-- Task brief --
Reply with exactly the lines from the one that contains "画像ギャラリー No.010のサムネイル画像 /" through the last line of the records below, and with no other lines.

-- The input --
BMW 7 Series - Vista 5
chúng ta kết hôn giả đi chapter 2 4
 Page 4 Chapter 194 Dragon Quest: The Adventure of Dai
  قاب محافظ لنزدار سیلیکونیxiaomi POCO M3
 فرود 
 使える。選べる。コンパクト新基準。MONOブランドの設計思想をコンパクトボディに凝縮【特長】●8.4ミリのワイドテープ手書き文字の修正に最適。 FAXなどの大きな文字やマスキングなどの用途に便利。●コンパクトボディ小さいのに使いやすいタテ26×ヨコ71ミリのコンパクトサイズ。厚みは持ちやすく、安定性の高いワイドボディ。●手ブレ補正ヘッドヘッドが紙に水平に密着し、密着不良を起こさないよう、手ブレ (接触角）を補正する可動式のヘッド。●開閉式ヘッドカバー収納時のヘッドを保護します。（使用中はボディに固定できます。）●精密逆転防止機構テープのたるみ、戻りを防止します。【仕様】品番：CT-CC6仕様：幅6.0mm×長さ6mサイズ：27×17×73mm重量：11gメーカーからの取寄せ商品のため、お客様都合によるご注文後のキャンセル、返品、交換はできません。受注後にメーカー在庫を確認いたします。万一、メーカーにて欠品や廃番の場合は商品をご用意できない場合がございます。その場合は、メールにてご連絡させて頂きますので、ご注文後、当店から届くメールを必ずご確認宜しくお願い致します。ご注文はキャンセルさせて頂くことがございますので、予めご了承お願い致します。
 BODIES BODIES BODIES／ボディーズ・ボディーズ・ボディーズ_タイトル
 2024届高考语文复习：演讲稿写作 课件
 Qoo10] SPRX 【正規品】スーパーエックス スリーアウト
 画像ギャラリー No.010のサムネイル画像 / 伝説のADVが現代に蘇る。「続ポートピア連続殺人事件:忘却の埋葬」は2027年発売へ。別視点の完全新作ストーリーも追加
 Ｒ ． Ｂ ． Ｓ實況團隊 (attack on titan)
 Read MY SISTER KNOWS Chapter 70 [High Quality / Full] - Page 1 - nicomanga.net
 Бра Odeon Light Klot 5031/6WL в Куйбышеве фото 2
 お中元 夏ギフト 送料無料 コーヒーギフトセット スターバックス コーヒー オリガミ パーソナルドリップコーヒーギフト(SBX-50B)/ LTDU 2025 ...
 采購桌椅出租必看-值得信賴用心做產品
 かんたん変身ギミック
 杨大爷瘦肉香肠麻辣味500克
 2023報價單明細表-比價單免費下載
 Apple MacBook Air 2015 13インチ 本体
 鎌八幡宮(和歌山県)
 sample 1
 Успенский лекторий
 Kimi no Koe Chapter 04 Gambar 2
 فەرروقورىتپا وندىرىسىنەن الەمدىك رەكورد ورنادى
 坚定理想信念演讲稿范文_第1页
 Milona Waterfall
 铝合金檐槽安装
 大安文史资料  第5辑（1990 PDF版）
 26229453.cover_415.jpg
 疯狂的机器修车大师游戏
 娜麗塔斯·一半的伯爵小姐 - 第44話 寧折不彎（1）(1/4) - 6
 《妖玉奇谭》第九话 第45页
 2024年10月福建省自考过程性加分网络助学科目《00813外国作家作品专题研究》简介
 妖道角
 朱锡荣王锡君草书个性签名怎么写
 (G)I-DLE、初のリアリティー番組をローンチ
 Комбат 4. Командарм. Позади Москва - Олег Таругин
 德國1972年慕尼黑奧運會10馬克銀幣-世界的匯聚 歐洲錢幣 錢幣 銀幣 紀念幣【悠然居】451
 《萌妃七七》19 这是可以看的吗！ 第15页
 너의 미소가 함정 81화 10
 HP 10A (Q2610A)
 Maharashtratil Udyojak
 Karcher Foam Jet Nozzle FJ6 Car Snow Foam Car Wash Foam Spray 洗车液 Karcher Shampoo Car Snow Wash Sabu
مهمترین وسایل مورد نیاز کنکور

-- Response --
 画像ギャラリー No.010のサムネイル画像 / 伝説のADVが現代に蘇る。「続ポートピア連続殺人事件:忘却の埋葬」は2027年発売へ。別視点の完全新作ストーリーも追加
 Ｒ ． Ｂ ． Ｓ實況團隊 (attack on titan)
 Read MY SISTER KNOWS Chapter 70 [High Quality / Full] - Page 1 - nicomanga.net
 Бра Odeon Light Klot 5031/6WL в Куйбышеве фото 2
 お中元 夏ギフト 送料無料 コーヒーギフトセット スターバックス コーヒー オリガミ パーソナルドリップコーヒーギフト(SBX-50B)/ LTDU 2025 ...
 采購桌椅出租必看-值得信賴用心做產品
 かんたん変身ギミック
 杨大爷瘦肉香肠麻辣味500克
 2023報價單明細表-比價單免費下載
 Apple MacBook Air 2015 13インチ 本体
 鎌八幡宮(和歌山県)
 sample 1
 Успенский лекторий
 Kimi no Koe Chapter 04 Gambar 2
 فەرروقورىتپا وندىرىسىنەن الەمدىك رەكورد ورنادى
 坚定理想信念演讲稿范文_第1页
 Milona Waterfall
 铝合金檐槽安装
 大安文史资料  第5辑（1990 PDF版）
 26229453.cover_415.jpg
 疯狂的机器修车大师游戏
 娜麗塔斯·一半的伯爵小姐 - 第44話 寧折不彎（1）(1/4) - 6
 《妖玉奇谭》第九话 第45页
 2024年10月福建省自考过程性加分网络助学科目《00813外国作家作品专题研究》简介
 妖道角
 朱锡荣王锡君草书个性签名怎么写
 (G)I-DLE、初のリアリティー番組をローンチ
 Комбат 4. Командарм. Позади Москва - Олег Таругин
 德國1972年慕尼黑奧運會10馬克銀幣-世界的匯聚 歐洲錢幣 錢幣 銀幣 紀念幣【悠然居】451
 《萌妃七七》19 这是可以看的吗！ 第15页
 너의 미소가 함정 81화 10
 HP 10A (Q2610A)
 Maharashtratil Udyojak
 Karcher Foam Jet Nozzle FJ6 Car Snow Foam Car Wash Foam Spray 洗车液 Karcher Shampoo Car Snow Wash Sabu
مهمترین وسایل مورد نیاز کنکور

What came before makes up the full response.